Alternatively, Keleo argues that the appellate timetables began on September 16, 1993, the date the Molinas’ amended petition was received by the district clerk. A supplemental petition that abandons all outstanding claims but reasserts a claim on an issue previously disposed of by partial summary judgment makes the interlocutory summary judgment a final, appealable order. Farmer v. Ben E. Keith Co., 886 S.W.2d 492 (Tex.App.—Fort Worth 1994, no writ). In this case, the intentional omission of the other defendants’ names from appellants’ amended petition effectively disposed of all remaining parties to the suit. Keleo argues that under the Farmer court’s reasoning, the disposition of all other parties made the interlocutory summary judgment final and triggered the appellate timetables. Therefore, the bond filed by the Molinas on November 12, 1993 would be untimely.

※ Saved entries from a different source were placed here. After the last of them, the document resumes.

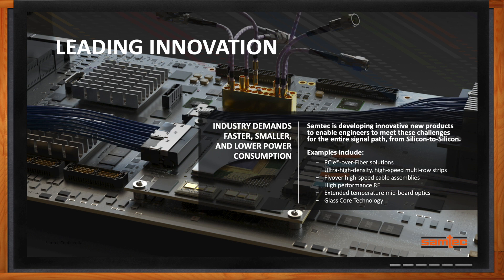Samtec's main focus is to go from silicon to silicon. Some examples include PCI-E over fiber solutions, ultra-high density and high-speed multi-row connector strips, fly-over high-speed cable assemblies — which will be the main topic for today — high-performance RF, extended temperature mid-board optics, and glass core technology.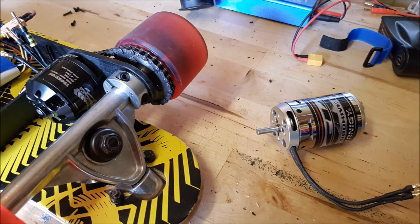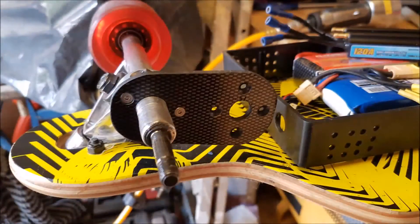This video is basically documenting installing that new motor. I decided to go with the Turnagy SK3 5065 with 236 KV. Now, it's still not a 63 size motor, even though it's running on a single motor, but it's still a pretty beefy motor with pretty good torque. 236 KV is pretty good.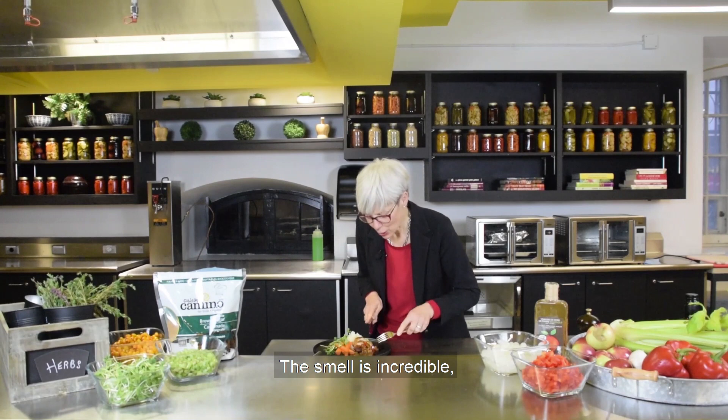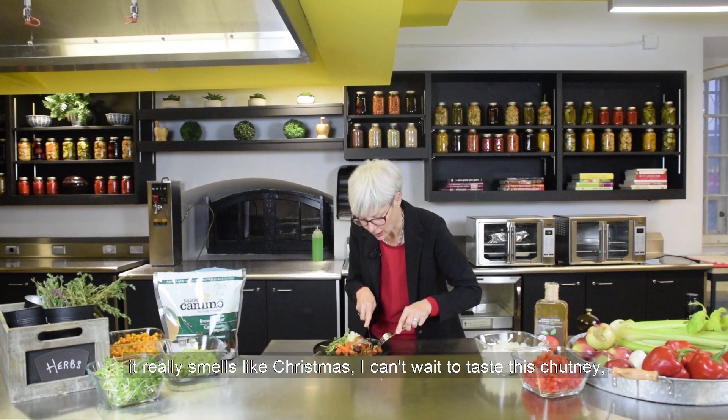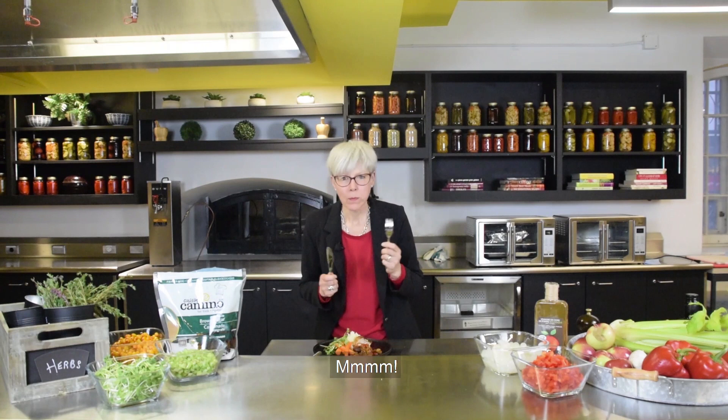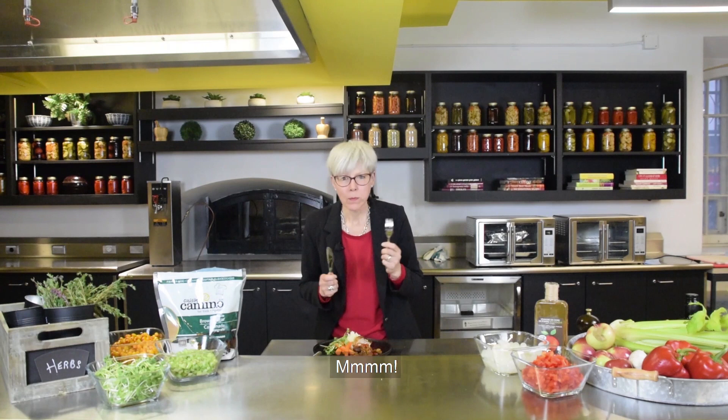The smell is incredible — it really smells like Christmas. I can't wait to taste this chutney, and I really love the idea of the buckthorn. Your guests will love it for Christmas. It's absolutely delicious. Very nice — congratulations, Chef Marie-Claude. Very good.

Kelco further argues that the judgment of September 15, 1993, was final because when a trial court enters a second judgment, the first prevails and the second is a nullity unless it specifically vacates the first. Lawrence Sys., Inc. v. Superior Feeders, Inc., 880 S.W.2d 203, 210 (Tex.App—Amarillo 1994, writ denied). Moreover, a trial court cannot re-enter an identical judgment for the sole purpose of extending the appellate timetable. Anderson v. Casebolt, 493 S.W.2d 509, 510 (Tex.1973); Owens-Corning Fiberglas Corp. v. Wasiak, 883 S.W.2d 402, 407 (Tex.App.—Austin 1994, no writ). Kelco asserts that the October 13, 1993, order did not modify, correct or reform the previous summary judgment order, and it did not enlarge appellants’ time for perfecting their appeal.

We hold that appellants’ cost bond was timely filed, and that, therefore, we have jurisdiction of this appeal.